Strange Lights Seen Last Night in the Heavens Puzzle the Populace
Various Theories Made
A few people in Annapolis and more in the county near the city witnessed in the northeastern and eastern sky last night about 9:30 o’clock strange lights that were more or less uncanny. The lights were of a bluish-white and seemed to be great stars. They appeared to hover very near to the earth. They could be distinctly seen at Arundel-on-the-Bay, and everybody was asking everybody else what they could be. At intervals they would disappear only to shine again with new brilliance and occasionally fade to a mellow orange and then grow red.
The lights, which were circular, appearing to be about an eighth the size of the moon, seemed to be stationary from Walbrook, Baltimore, and surrounding territory, where they were also seen, but from East Baltimore, Fort Howard and the Bethlehem Steel Company’s plant, where thousands of workmen watched them, they seemed to move very slowly.
The first appearance of one of the strange luminaries was noticed at 9:30 P.M. Its disappearance and ostensible reappearance impressed many persons that it was the same light, while, as a matter of fact, there were several. When the one was first sighted it brought visions of Zeppelins and the long-expected air raid, but when these did not materialize naturally a scientific explanation was sought.
Application was made by Baltimoreans first to the weather man there and then to several star-gazers, but all remarked calmly that no celestial body was due for a visit at this time and nothing of any phenomenal value might be anticipated.

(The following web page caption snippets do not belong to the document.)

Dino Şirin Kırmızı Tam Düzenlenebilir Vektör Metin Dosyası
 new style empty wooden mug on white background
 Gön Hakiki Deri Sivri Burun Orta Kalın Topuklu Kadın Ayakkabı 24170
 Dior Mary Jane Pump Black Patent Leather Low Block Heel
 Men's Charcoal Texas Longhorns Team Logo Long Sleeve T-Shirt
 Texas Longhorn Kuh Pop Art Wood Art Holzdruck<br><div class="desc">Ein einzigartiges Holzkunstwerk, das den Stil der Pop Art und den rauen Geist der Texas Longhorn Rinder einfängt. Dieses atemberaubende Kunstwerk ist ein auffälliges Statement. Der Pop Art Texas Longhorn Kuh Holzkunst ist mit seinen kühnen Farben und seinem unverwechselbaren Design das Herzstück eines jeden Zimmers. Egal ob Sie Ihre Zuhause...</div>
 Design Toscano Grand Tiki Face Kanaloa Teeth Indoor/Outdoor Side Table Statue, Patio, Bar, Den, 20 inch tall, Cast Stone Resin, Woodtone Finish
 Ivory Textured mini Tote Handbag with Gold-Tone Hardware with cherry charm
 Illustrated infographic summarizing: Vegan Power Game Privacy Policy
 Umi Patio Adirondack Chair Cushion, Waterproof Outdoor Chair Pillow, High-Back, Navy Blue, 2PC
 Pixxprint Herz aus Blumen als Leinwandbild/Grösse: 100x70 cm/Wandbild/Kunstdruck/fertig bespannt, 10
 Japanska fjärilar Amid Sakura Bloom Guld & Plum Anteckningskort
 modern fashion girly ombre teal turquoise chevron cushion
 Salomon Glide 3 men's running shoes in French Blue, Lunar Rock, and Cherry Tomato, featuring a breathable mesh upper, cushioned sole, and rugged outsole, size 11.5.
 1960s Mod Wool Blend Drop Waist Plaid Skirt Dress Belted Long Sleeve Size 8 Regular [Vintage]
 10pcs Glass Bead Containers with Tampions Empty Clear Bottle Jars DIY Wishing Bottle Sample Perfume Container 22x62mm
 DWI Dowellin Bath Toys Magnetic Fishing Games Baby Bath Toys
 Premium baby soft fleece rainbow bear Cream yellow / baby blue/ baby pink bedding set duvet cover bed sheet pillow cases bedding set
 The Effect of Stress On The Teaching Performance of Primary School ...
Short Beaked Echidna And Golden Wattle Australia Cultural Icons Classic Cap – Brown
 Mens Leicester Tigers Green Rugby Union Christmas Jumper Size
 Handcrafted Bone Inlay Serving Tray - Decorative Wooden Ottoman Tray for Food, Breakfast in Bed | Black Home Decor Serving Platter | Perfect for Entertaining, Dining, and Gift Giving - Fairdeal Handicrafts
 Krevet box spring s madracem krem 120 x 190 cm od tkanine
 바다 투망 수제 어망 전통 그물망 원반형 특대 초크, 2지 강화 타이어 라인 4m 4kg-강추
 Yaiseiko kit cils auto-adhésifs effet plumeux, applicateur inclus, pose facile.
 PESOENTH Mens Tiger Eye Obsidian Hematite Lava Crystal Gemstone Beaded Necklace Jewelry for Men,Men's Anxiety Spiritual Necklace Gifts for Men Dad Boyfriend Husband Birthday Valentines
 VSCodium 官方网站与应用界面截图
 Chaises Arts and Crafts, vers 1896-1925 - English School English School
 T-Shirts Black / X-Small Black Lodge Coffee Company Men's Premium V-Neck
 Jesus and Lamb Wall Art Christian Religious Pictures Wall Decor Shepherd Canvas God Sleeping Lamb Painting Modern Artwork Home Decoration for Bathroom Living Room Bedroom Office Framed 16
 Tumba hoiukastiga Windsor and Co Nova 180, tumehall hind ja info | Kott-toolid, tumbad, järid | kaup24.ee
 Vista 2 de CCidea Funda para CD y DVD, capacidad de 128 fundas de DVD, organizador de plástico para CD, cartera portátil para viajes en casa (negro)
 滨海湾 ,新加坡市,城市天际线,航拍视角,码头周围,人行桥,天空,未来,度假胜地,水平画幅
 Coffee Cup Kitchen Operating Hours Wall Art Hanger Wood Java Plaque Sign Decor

After this disappointment the newspapers were appealed to and received scores of calls, each one of them presenting a new theory. Then finally a man called up and said: “We have been blaming everything else on the war, so why don’t we find a reason to trace the lights to the same?”
This suggestion was followed out, and the only possible solution seemed to be inquiry at Aberdeen, the most warlike place hereabouts.
It is little advertised, of course, but, as a matter of fact, Aberdeen folks are doing many queer things up there at night. The one thing that they have in their repertoire, which might have caused the strange sights of last night is this:
In making tests with heavy caliber mortars such things as star bombs are utilized. These funny little things are equipped with silk parachutes and fired into the air. The firing ignites a preparation in them and the “stars” burn steadily, while the parachute keeps them somewhat stationary. Then the large guns are fired and the course of the shells and speed are marked by the light of the artificial star. These stars then float about until they are finally extinguished and then descend. Their average height level is about 2,300 feet.
Another similar device is a parachute arrangement which is sent up by a rocket and which is a signal for the artillery from the infantry. These lights are also varicolored.
In the absence of scientific explanation, this theory may be accepted, especially since the boys now at Fort Howard see them very often floating their way from the Aberdeen grounds.